• **Work to be completed**:
Begin at the line below that holds "Camila - 7 Drawer Vanity - Natural" and end at the line that holds "Preview: Ohrstecker 925", transcribing each line exactly and skipping any picture.

• **Supplied data**:
# # # # #

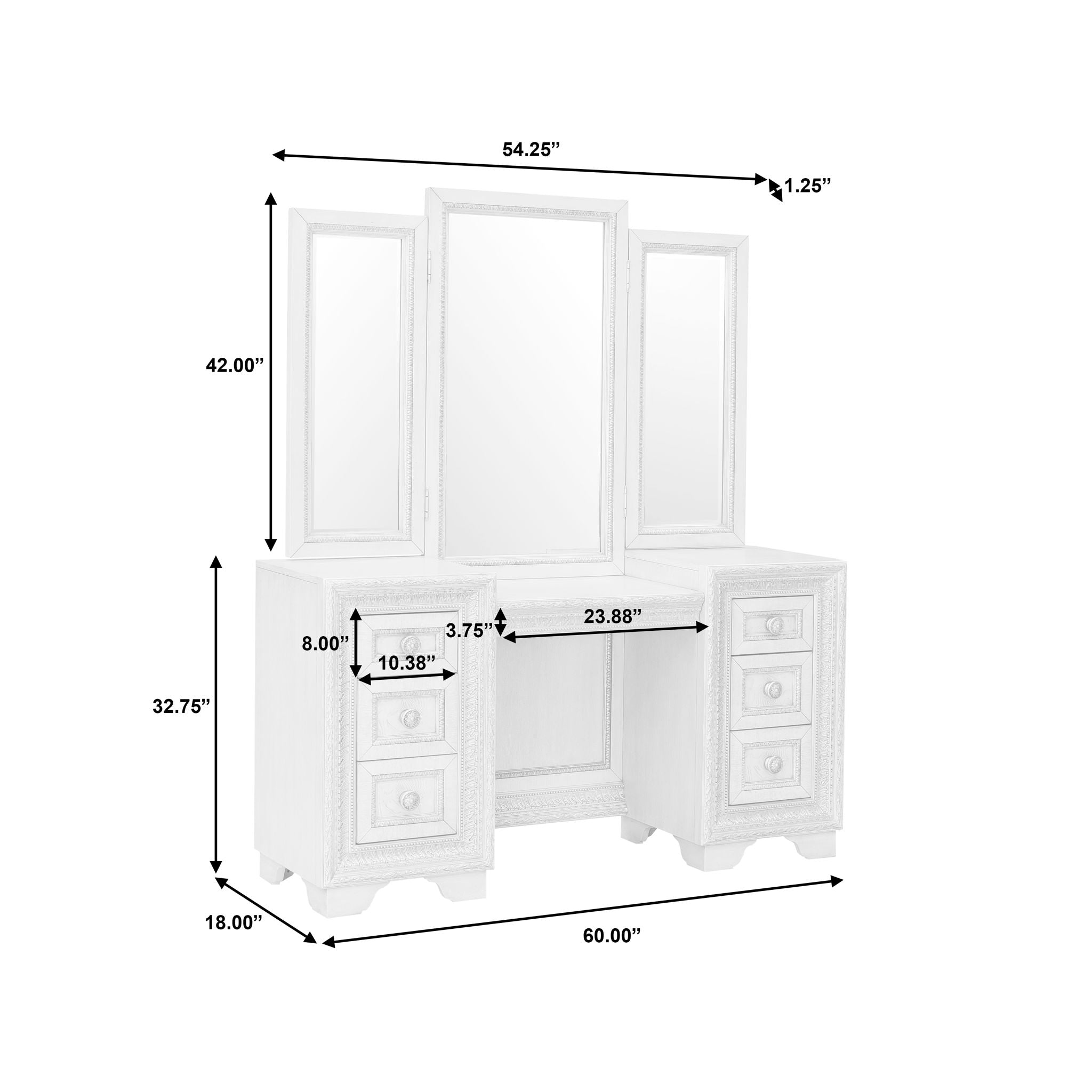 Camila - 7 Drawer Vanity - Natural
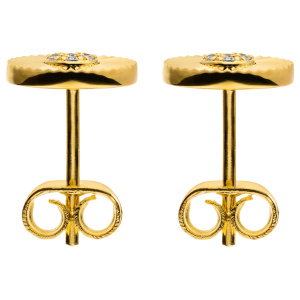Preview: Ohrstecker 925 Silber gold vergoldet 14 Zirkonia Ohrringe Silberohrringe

# # # # #

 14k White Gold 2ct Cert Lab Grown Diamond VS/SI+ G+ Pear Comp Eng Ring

# # # # #

• **Written reply**:
 Camila - 7 Drawer Vanity - Natural
Preview: Ohrstecker 925 Silber gold vergoldet 14 Zirkonia Ohrringe Silberohrringe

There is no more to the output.